WHAT IS REQUIRED:
Every record here must be copied exactly, except for the images it holds.

LISTED ENTRIES:

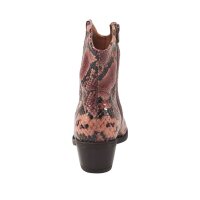Marken-Stiefelette, rosé-schwarz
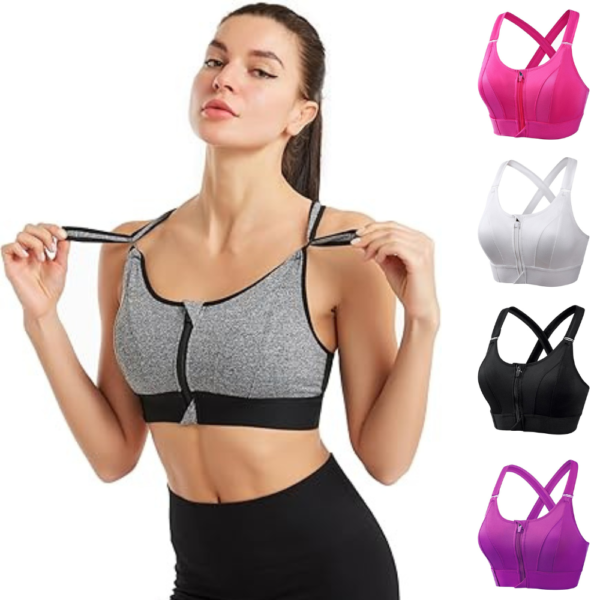 Front Zipper Sports Bra - Cover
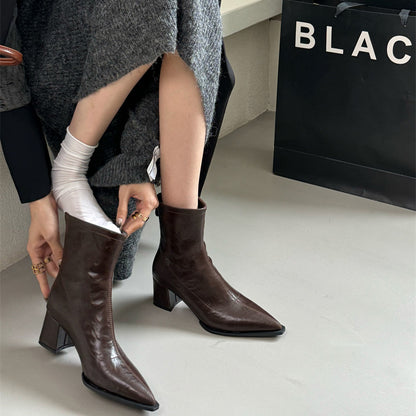 Elegant High Heel Pointed Toe Women Ankle Boots Slim Short Booties For Autumn  Winter Ladies 1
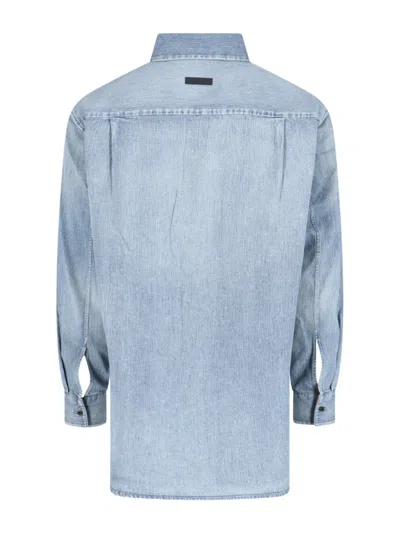 Fear Of God Light Blue Shirt With Faded Denim Effect In Animal Print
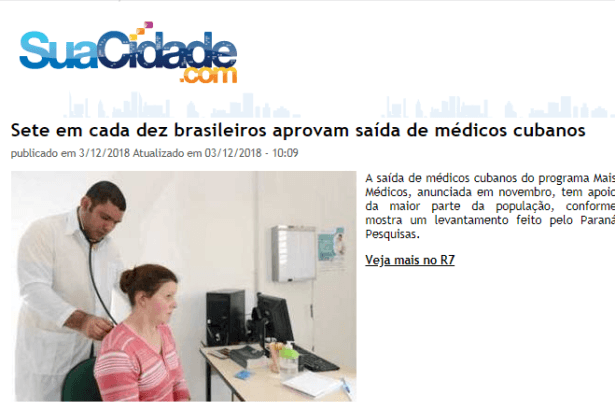 Portal Sua Cidade.com divulga pesquisa nacional sobre a saída dos(as) médicos(as) cubanos(as) do Brasil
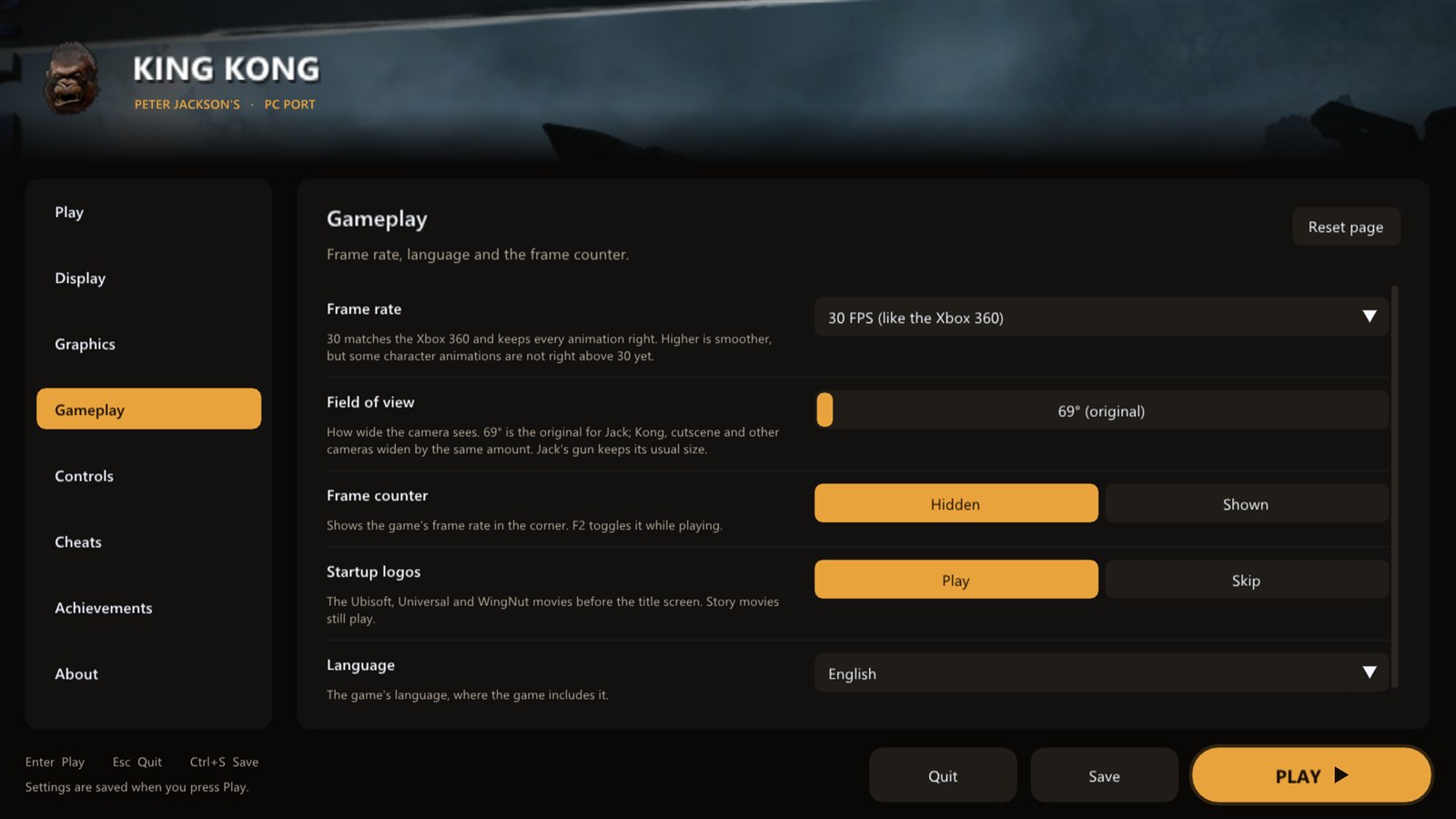 Gameplay page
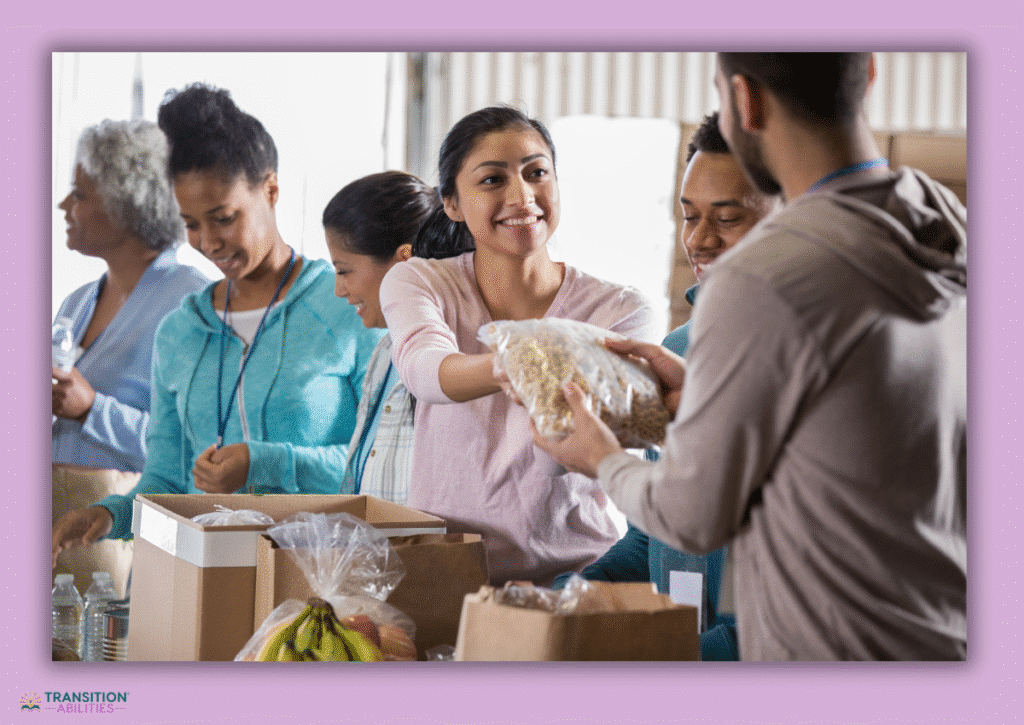 Volunteers packing and handing out food donations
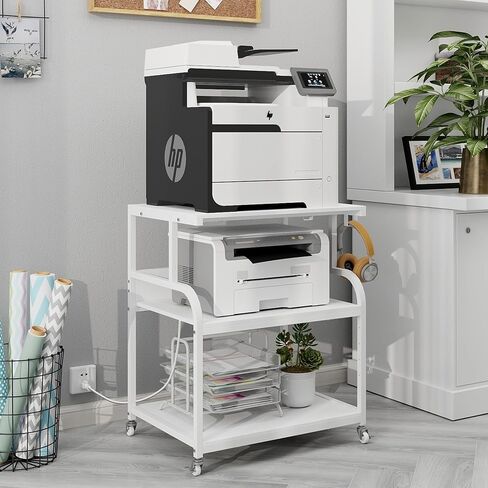 حامل طابعة كبير من VEDECASA مقاس 23.6 × 18.9 × 29.5 بوصة مع محطة شحن، وعربة دوارة ثلاثية الطبقات مع أرفف تخزين قابلة للتعديل، وعجلات لحامل المكتب المنزلي للثلاجة الصغيرة، والماسح الضوئي، والضغط الحراري in Kuwait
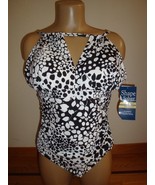 New Shape Solver Women&#39;s 1 Pc Swimsuit Madison Avenue Split Neck Black/W... - $74.42 CAD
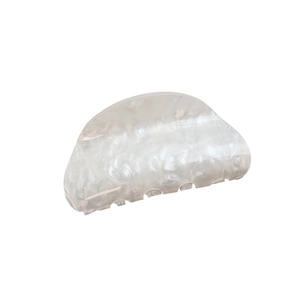 Acrylic hair claw clip with elegant white marble pattern for professional styling
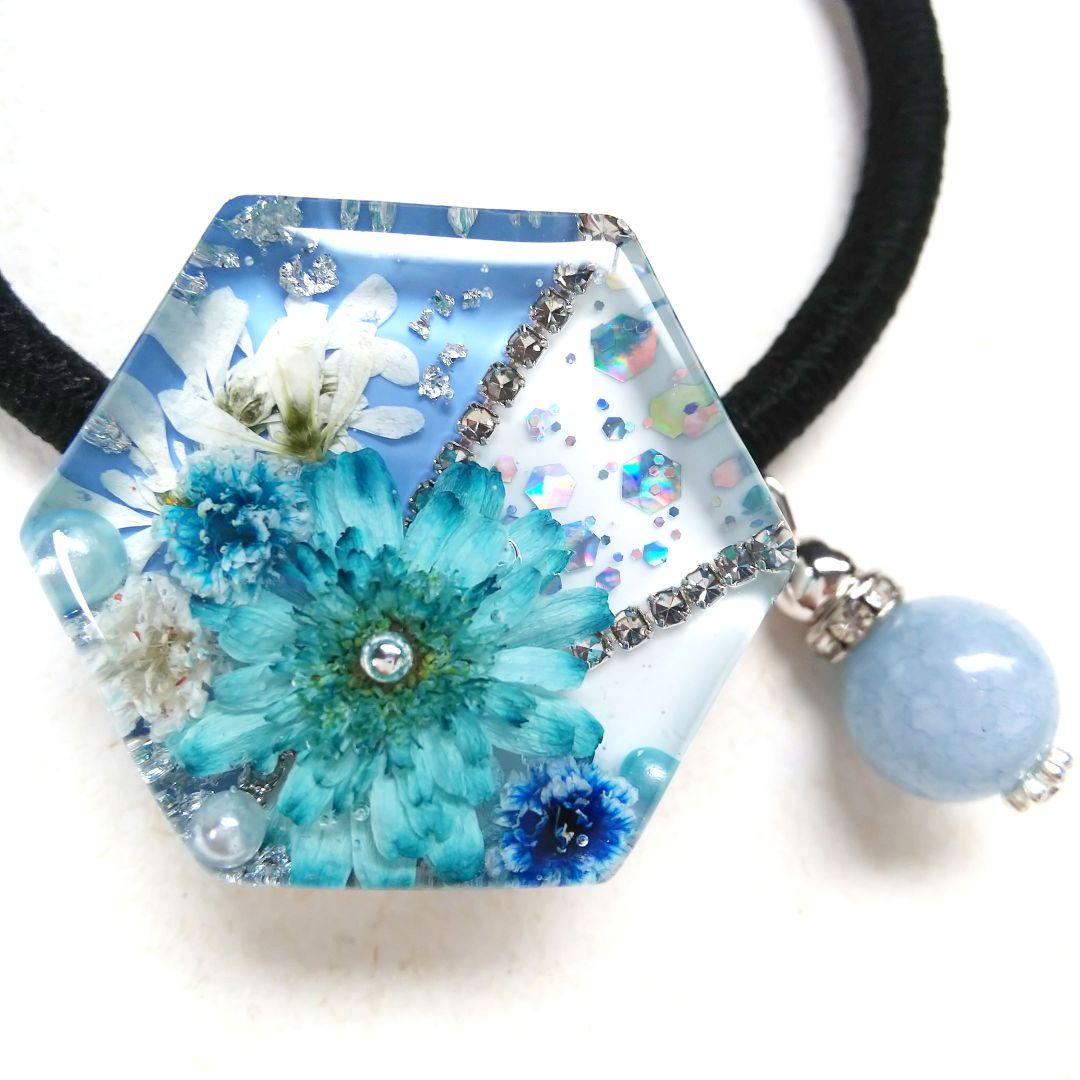 ヘアクリップ レジン 6.5cmオーバルマトリカリアとヒメウツギ プリンスカラー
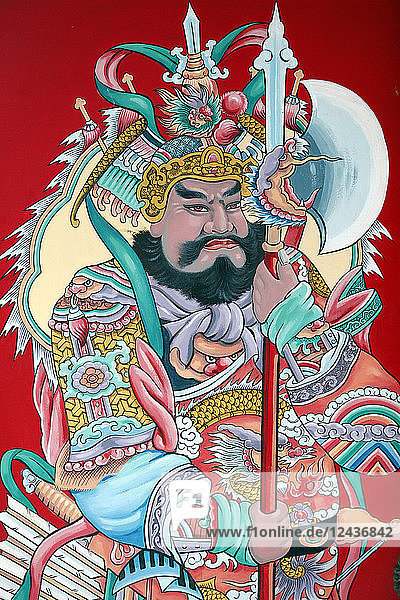 Guardian figure paintings on gate  Hoi Tuong Te Nguoi Hoa Buddhist Chinese temple  Phu Quoc  Vietnam  Indochina  Southeast Asia  Asia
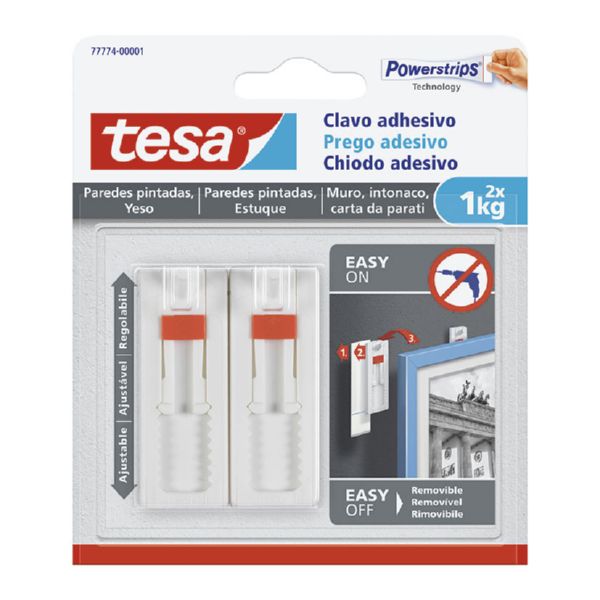 CLAVO AJUSTABLE ADHESIVO HASTA 1 KG SUPERFICIES DELICADAS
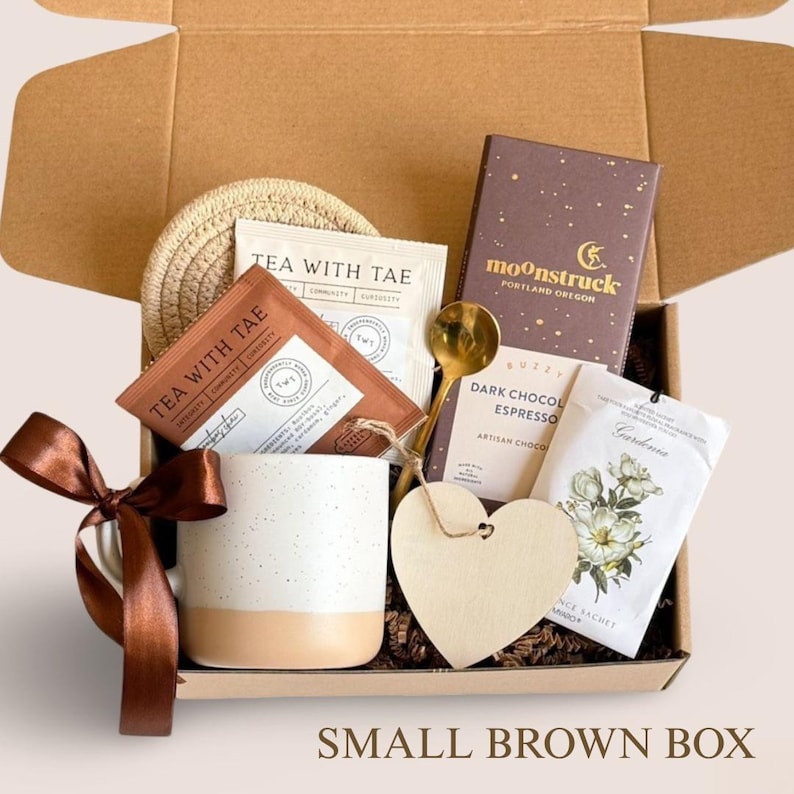Warm and Cozy Gift Box For Her, Care Package For Women, Sympathy Gift Basket, Sending Hugs For Friend, Get Well Soon, Tea Gift Box, Cheer Up 3. SMALL BROWN BOX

WRITTEN SOLUTION:
Marken-Stiefelette, rosé-schwarz
 Front Zipper Sports Bra - Cover
 Elegant High Heel Pointed Toe Women Ankle Boots Slim Short Booties For Autumn  Winter Ladies 1
 Fear Of God Light Blue Shirt With Faded Denim Effect In Animal Print
 Portal Sua Cidade.com divulga pesquisa nacional sobre a saída dos(as) médicos(as) cubanos(as) do Brasil
 Gameplay page
 Volunteers packing and handing out food donations
 حامل طابعة كبير من VEDECASA مقاس 23.6 × 18.9 × 29.5 بوصة مع محطة شحن، وعربة دوارة ثلاثية الطبقات مع أرفف تخزين قابلة للتعديل، وعجلات لحامل المكتب المنزلي للثلاجة الصغيرة، والماسح الضوئي، والضغط الحراري in Kuwait
 New Shape Solver Women&#39;s 1 Pc Swimsuit Madison Avenue Split Neck Black/W... - $74.42 CAD
 Acrylic hair claw clip with elegant white marble pattern for professional styling
 ヘアクリップ レジン 6.5cmオーバルマトリカリアとヒメウツギ プリンスカラー
 Guardian figure paintings on gate  Hoi Tuong Te Nguoi Hoa Buddhist Chinese temple  Phu Quoc  Vietnam  Indochina  Southeast Asia  Asia
 CLAVO AJUSTABLE ADHESIVO HASTA 1 KG SUPERFICIES DELICADAS
Warm and Cozy Gift Box For Her, Care Package For Women, Sympathy Gift Basket, Sending Hugs For Friend, Get Well Soon, Tea Gift Box, Cheer Up 3. SMALL BROWN BOX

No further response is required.